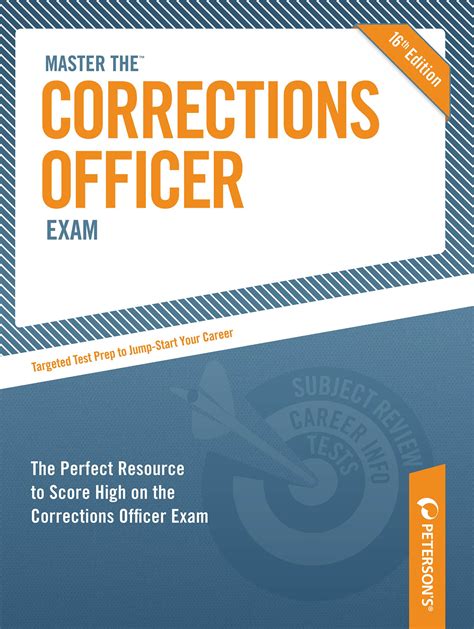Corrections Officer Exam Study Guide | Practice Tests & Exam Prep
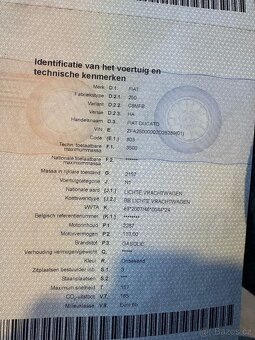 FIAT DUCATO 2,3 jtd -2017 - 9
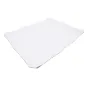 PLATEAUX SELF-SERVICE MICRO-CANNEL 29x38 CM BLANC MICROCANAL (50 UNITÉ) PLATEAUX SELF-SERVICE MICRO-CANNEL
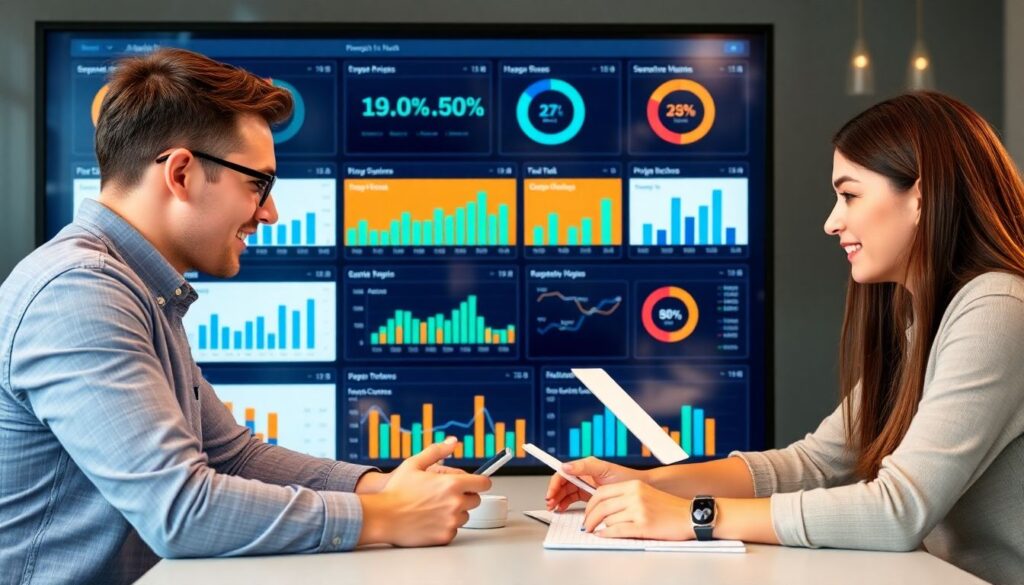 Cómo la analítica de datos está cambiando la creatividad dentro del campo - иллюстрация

...

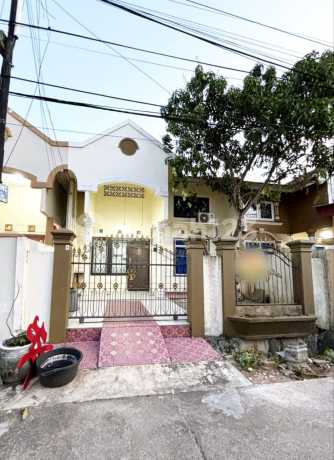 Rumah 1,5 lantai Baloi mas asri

==

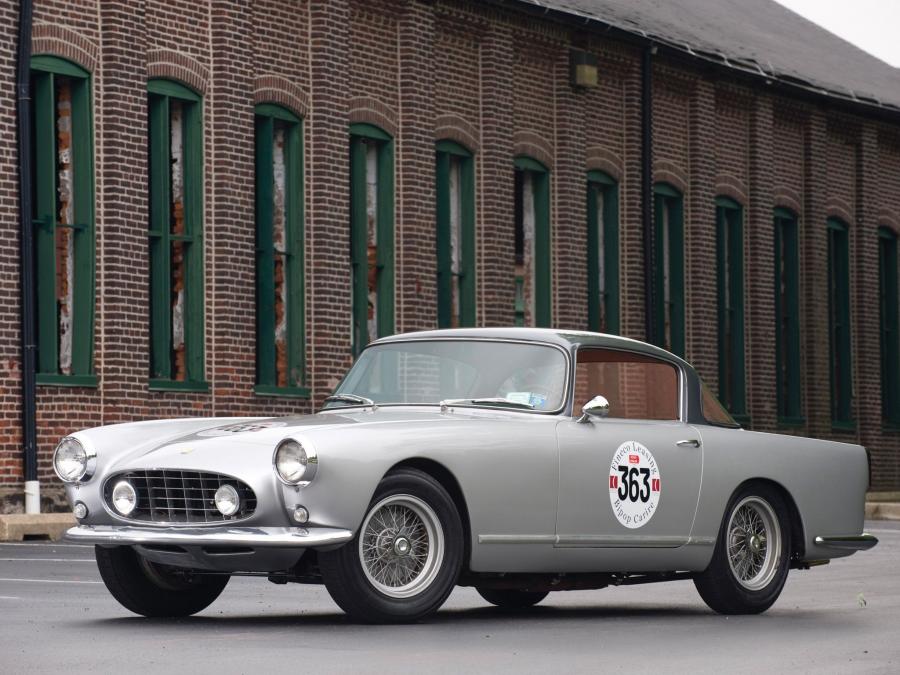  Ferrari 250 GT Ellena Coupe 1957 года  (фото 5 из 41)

• DIRECTIONS FOR THIS TASK: The line holding "FIAT DUCATO 2,3 jtd -2017 - 9" starts the copy and the line holding "Cómo la analítica" ends it. Repeat those two lines above and all between them exactly, leaving out pictures.

• OUTPUT:
 FIAT DUCATO 2,3 jtd -2017 - 9
 PLATEAUX SELF-SERVICE MICRO-CANNEL 29x38 CM BLANC MICROCANAL (50 UNITÉ) PLATEAUX SELF-SERVICE MICRO-CANNEL
 Cómo la analítica de datos está cambiando la creatividad dentro del campo - иллюстрация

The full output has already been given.